The Titanic sank into the icy Atlantic exactly 109 years ago. The tragedy claimed 1,635 lives in April 1912 on its journey from Southampton to New York.
It was the largest ship in the world, as well as the fastest ocean-liner. Its speed and safety were rooted in its engineering superiority. The passengers ate on plates made of the finest porcelain. Diners were regaled by a live orchestra. The first-class tickets cost US$4,350 (US$115,000 or $154,000 in today’s money).
The Titanic sank within three hours of hitting an iceberg. The lifeboats could only hold 2% of the passengers.
A tragedy of Titanic proportions hit the markets last month. Archegos Capital Management, a family office owned by Bill Hwang, collapsed with more than US$50 billion of exposure. The amount of US$50 billion is twice the GDP of Cambodia. A family office is a private investment vehicle. It is used by rich people to extract returns in a tax-efficient manner.
Hwang is a Korean-born American who is in his late 50s. He was a titan of the hedge fund field a decade ago.
He was a prodigy of Julian Robertson, a pioneering hedge fund manager. Robertson, who is worth US$4.4 billion at the age of 88, delivered 32% return in the 1980s while managing Tiger Management. This was three times the return of S&P500. Investors flocked to back him.

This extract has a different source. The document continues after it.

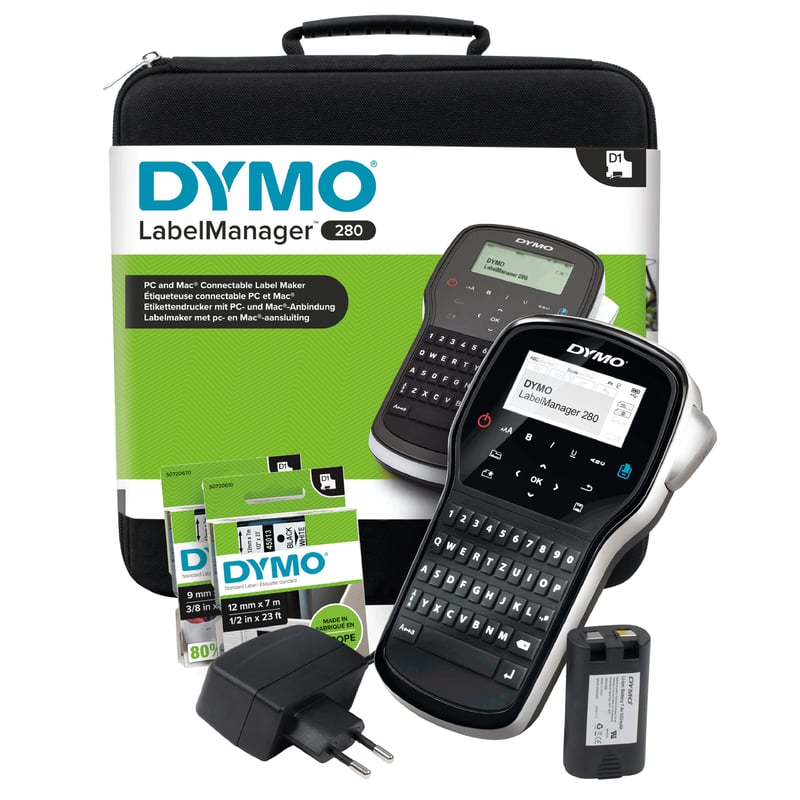 Prenosná tlačiareň štítkov DYMO LabelManager 280 v kufríku – QWERTZ klávesnica, pripojenie k PC/Mac, pre pásky D1 so šírkou 6, 9 a 12 mm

Hwang was one of the “Tiger cubs” who were anointed as Robertson’s successors. Robertson closed the Tiger Fund in 2000. Hwang’s own star rose after the retirement of his mentor. He accumulated up to US$8 billion in assets under management from 2000 to 2012.

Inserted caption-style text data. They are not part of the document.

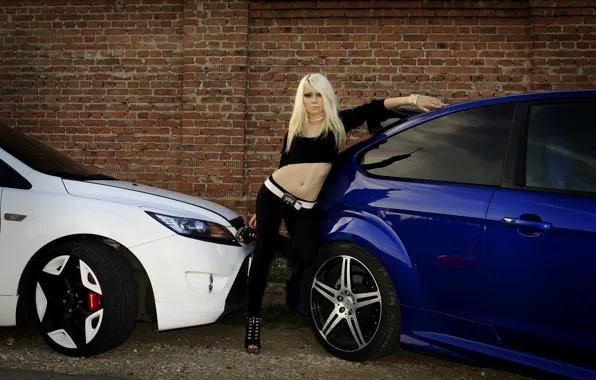 Look, girl, Ford, blonde, car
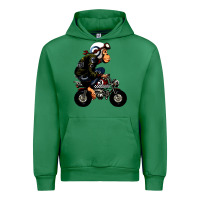 Emerald monkey bike cartoon Urban Hoodie - artisFamous
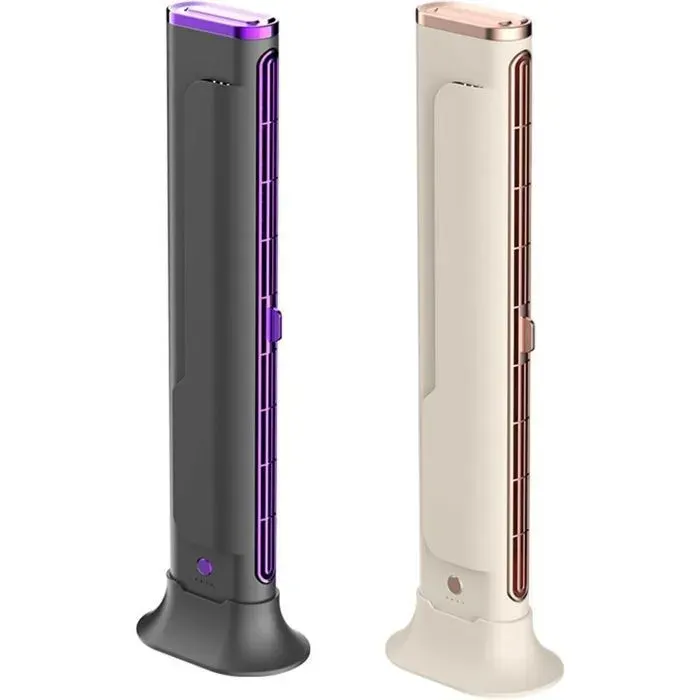 2pcs Ventilateur de bureau - Silencieux Rechargeable Compact - Sans pales 3 vitesses sous écran -Espace travail maison-37CM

In 2012, Hwang was found guilty of manipulating Chinese stocks through insider trading. He was barred from investing other people’s money and fined US$44 million.

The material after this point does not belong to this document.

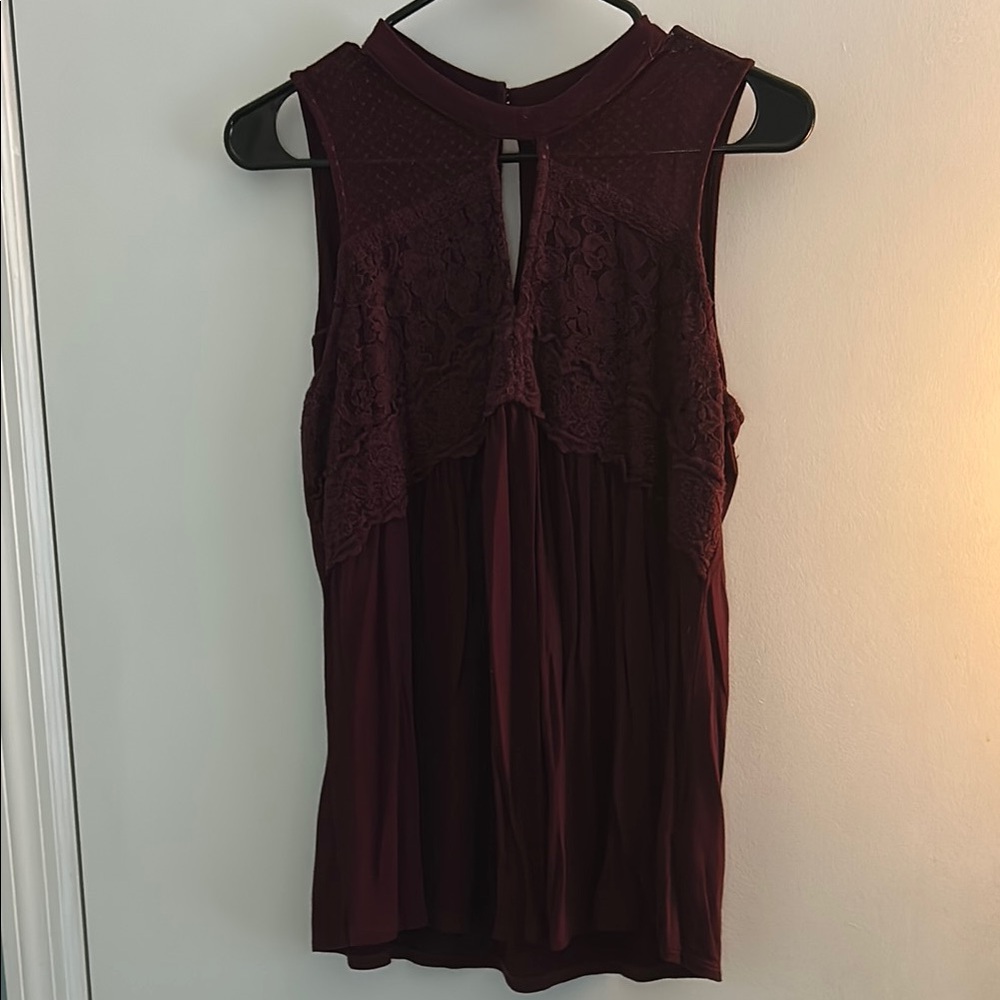 Maurices Red Pleated Cut Out Tank Top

But Hwang, the son of a pastor, had a second coming. He converted his US$200 million personal fortune to a family office. It was named Archegos, which means the Chief Leader or the Prince of Christ in Greek.
In less than nine years, Hwang increased the assets of his family office by a factor of 50. This amounts to a CAGR of 54%, or five times the return of the S&P500. Hwang not only exceeded the returns of his mentor, but his performance eclipses that of Warren Buffett too.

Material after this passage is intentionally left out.